** Opening Dataset section block **

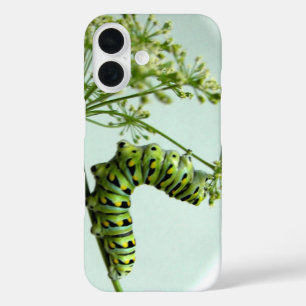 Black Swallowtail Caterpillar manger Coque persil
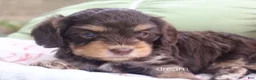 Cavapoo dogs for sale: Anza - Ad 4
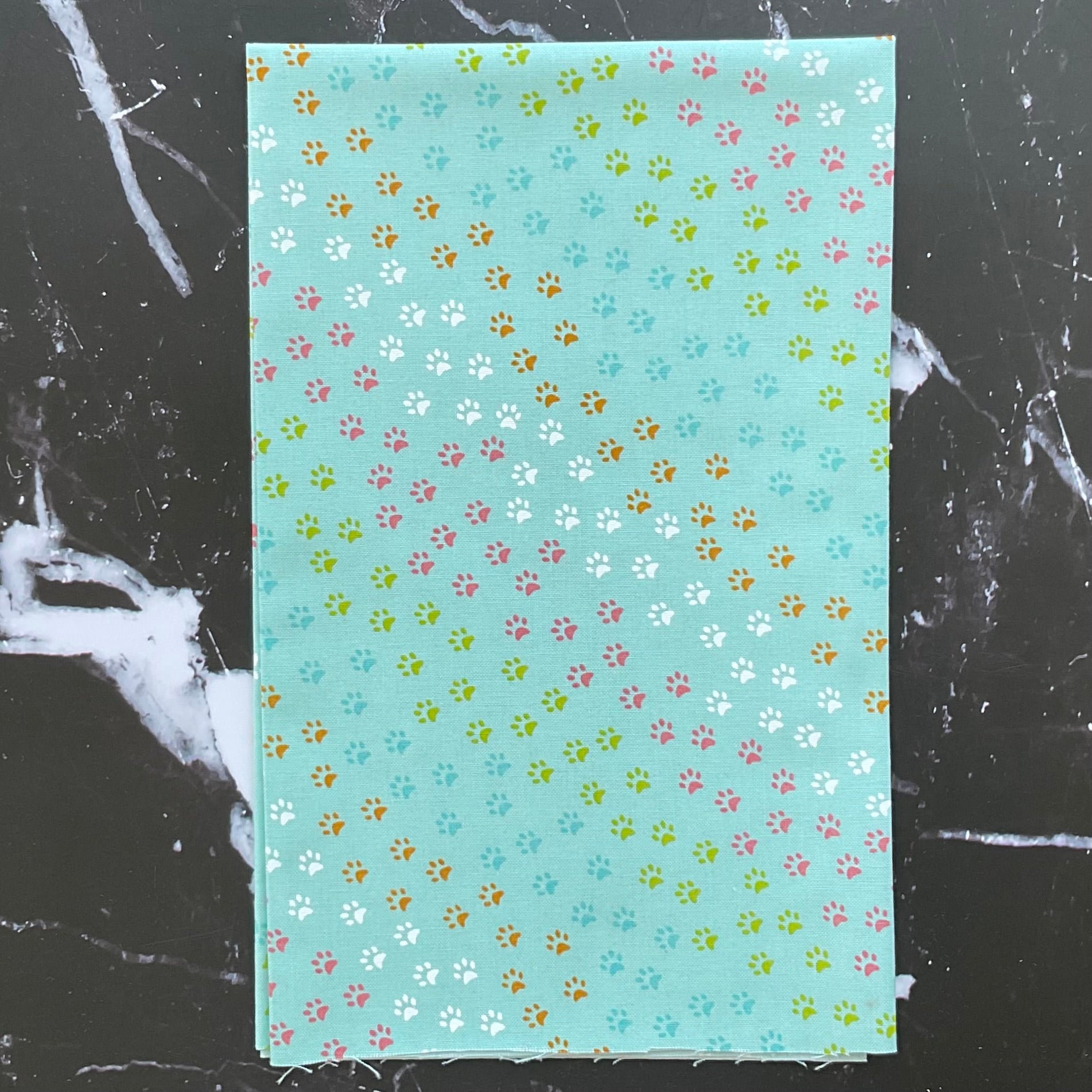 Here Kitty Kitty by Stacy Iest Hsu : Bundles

** Closing Dataset section block **

__Assigned task__: Starting at the line that contains "Cavapoo dogs for sale: Anza - Ad 4", extract each line through the last line of the material exactly as written, and include no pictures.

__Result of the task__:
 Cavapoo dogs for sale: Anza - Ad 4
 Here Kitty Kitty by Stacy Iest Hsu : Bundles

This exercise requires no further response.